Source records:

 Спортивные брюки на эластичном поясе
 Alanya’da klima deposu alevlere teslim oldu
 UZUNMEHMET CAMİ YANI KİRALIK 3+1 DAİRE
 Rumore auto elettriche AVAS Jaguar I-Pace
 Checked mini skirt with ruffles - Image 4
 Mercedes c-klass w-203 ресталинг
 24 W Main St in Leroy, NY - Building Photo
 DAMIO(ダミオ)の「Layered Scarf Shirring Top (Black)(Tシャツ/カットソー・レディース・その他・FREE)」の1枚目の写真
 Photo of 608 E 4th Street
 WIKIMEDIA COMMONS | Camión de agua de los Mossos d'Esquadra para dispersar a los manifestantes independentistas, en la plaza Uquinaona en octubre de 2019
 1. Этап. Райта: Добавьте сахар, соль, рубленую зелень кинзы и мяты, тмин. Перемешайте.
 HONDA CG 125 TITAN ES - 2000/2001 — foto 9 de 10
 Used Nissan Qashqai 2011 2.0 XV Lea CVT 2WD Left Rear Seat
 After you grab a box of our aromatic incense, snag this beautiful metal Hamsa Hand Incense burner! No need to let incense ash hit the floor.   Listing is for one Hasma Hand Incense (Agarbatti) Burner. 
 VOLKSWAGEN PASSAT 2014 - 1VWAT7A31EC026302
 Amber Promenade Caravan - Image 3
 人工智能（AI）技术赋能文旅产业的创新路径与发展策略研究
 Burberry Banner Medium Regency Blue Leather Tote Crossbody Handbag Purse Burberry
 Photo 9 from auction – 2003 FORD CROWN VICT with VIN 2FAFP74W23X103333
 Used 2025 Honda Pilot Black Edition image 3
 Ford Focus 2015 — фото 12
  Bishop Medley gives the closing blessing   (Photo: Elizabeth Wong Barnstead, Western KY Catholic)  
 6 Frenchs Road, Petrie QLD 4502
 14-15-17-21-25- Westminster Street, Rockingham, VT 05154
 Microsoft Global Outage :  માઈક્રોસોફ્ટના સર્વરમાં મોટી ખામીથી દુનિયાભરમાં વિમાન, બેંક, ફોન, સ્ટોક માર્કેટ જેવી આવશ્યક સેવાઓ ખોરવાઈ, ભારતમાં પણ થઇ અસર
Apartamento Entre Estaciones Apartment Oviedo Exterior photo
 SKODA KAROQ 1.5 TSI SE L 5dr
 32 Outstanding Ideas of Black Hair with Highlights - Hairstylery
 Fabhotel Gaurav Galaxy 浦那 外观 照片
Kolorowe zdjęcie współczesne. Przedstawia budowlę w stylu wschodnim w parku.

WHAT IS REQUIRED:
Among the lines above, count those containing the string "with"; please give the count alone.

FINISHED EXERCISE:
3